Our children, ages 9 and 11, teased me later that Saturday afternoon.  “You won’t believe where we’re having a picnic.  Guess.  Like 20 questions.”  Have we ever picnicked there?  No.  Have we even been there?  Not really.  Is this a place you think I want to go?  Yes!  Questions and answers all evening long.

Sunday morning, on the way to church, Daughter said, “Guess some more, Mom.  You’ll never figure it out.”  Will we have to walk a long way?  No.  Should I wear my hiking boots?  Husband and Son raised their eyebrows and glanced toward each other.  Yes.  Finally, I refused to ask another question.  It was time for clues.  A place I really liked.  I’d have to climb.  There wasn’t a picnic table.  There were lots of trees.  There weren’t any bathrooms.  We wouldn’t have to drive far.

On the way home from church, we picked up fried chicken – crispy, my favorite – and I got to choose the side dishes.  At home, we changed from church clothes into shorts and tee shirts, and I put on my hiking boots.  We gathered drinks, a roll of paper towels, a couple of folding chairs, and a quilt.  “On the way,” Husband said, “I need to stop at the house to check on something.”  ‘The house’ was the one we were building.  The first level was framed, and the carpenters had just started on the second level.
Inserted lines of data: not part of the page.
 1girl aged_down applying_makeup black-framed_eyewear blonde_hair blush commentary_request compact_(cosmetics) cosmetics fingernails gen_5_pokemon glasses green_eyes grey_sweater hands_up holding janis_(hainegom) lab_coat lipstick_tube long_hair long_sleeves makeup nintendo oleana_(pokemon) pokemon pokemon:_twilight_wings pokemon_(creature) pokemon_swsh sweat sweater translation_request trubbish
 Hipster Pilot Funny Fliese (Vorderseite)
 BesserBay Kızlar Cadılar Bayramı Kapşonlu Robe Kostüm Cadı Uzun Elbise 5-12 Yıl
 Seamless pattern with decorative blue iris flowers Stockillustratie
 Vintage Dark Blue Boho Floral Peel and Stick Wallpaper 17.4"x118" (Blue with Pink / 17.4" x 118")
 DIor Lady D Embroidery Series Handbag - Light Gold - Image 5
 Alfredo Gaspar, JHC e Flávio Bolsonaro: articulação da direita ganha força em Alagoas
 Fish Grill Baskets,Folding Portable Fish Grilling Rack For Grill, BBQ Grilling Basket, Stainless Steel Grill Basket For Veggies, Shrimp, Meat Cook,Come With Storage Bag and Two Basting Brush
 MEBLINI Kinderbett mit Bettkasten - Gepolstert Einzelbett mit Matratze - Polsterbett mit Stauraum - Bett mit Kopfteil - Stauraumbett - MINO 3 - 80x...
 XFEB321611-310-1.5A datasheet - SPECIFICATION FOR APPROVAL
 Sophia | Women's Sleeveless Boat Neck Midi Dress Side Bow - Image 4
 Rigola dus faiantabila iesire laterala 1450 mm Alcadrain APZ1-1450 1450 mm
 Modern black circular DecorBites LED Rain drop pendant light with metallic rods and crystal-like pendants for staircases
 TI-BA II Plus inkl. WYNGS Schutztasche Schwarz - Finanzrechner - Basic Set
Husband opened the back of our van and grabbed something.  “I’ll be right back.  You don’t need to get out,” he told me.  Both our children followed him.  A few minutes later, Husband motioned for me.  “Come here.  I want to show you something.  The kids are upstairs where their rooms will be.”

I questioned if climbing the ladder to the second level was safe.  Had he let the kids climb up?  I clutched each rung as I carefully placed my big boots on the narrow ladder steps.  The blue sky, with a few puffy cumulus clouds, opened wide.  “Is there a floor up there?”  I asked.  Husband encouraged me to keep going.  Just as my head reached sight of the second level, my son and daughter jumped up from the quilt they had been lying on.  They stood tall; arms stretched high above their heads.  “Happy Mother’s Day!”  they shouted.

It was the perfect place for a picnic.  A plywood subfloor, with no walls or roof.  The only time I’ve ever dined among a maple tree’s high branches and looked down on the white blossoms of dogwood tree.  Our own private dining room, and I didn’t cook.